Harris was back in Australia in 1936/37. Again he wrote a book,1937 Australian Test Tour. Interestingly he once again had a foreword from the England captain, this time of course Gubby Allen, the man who refused to bowl ‘Bodyline’. Of Harris Allen wrote; he has been a very good friend to me – one wonders what Jardine would have made of that one? Harris’s publishers in 1937 were Hutchinson, the company who had published Don Bradman’s Book in 1930. The closest Harris came to writing any biographical work was to add a few chapters to that book to produce a second edition, and some competition for Bradman’s new book, My Cricketing Life, which also appeared in 1938.
In his late fifties by the time cricket resumed after World War Two Harris toured with England again in 1946/47, 1950/51 and 1954/55. There was a book each time and, in the case of the latter, a foreword from the England captain Len Hutton. Harris was clearly unable to persuade England’s captains in 1946/47 and 1950/51 to similarly contribute. Interestingly both men, Walter Hammond and FreddieBrown were veterans of the ‘Bodyline’ campaign, albeit Brown had not played in any of the Tests. Harris also wrote a book on the 1953 series, his first book on a home series, although for that one, assuming he was invited to do so, Hutton could not be persuaded to contribute.
Tour books were plentiful in the 1950s and the home series in 1955, 1956 and 1957 against South Africa, Australia, West Indies were all dealt with in books by Harris.
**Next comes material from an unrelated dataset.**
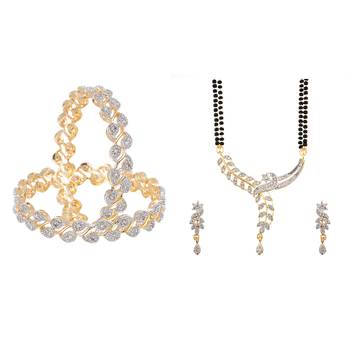 White cubic zirconia jewellery-combo 1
In each of them he secured a foreword from England captain Peter May and in the first two one from the visiting captains as well, Jack Cheetham and Ian Johnson, notwithstanding that both men had their own books in the marketplace. Harris’s books on home series lacked the stories of the touring experience that marked his books from his trips to Australia so were rather less distinctive amidst what, in 1953 and 1956 particularly, was a crowded marketplace. In 1953, the year England finally reclaimed the Ashes Padwick lists ten tour accounts, with nine for 1956. Times changed quickly however and by 1957 Harris had the field to himself. His account of a disappointingly one sided contest was West Indies Cricket Challenge.
The final book from Harris was his only one from a genre other than that of the tour book. The True Book About Cricket, published in 1958, has an interesting title but the main eyebrow raiser, the use of the word True, is something of a misnomer. At that time the book’s publisher, Frederick Muller, had a whole series of The True …. books, which were aimed at a school aged audience. This was therefore a relatively modest (144 page) history of the game. A review in the Illustrated Sporting and Dramatic News described it as containing a great deal of interesting historical information about the game. It is not a book I have personally seen, but if I see a copy I will certainly look at it if for no other reason that the reviewer’s later comment that the text is not enhanced by the illustrations,which lose their point through to an occasional tendency to be facetious.
Bruce Harris died at the age of 74 in October 1960. He had married late in life at 64 in 1951 but, despite his wife being twenty years younger than he was, she predeceased him by a couple years. According to Harris’s obituary in The Cricketer he had been ill for a long time. Given that there was a legacy in his will to Cancer Research that suggests that was the disease that claimed Harris. He left a similar amount to a local church and the bulk of his estate to his younger sister. He left his collection of cricket books to the Ealing cricket club, and his tennis books to a journalist friend.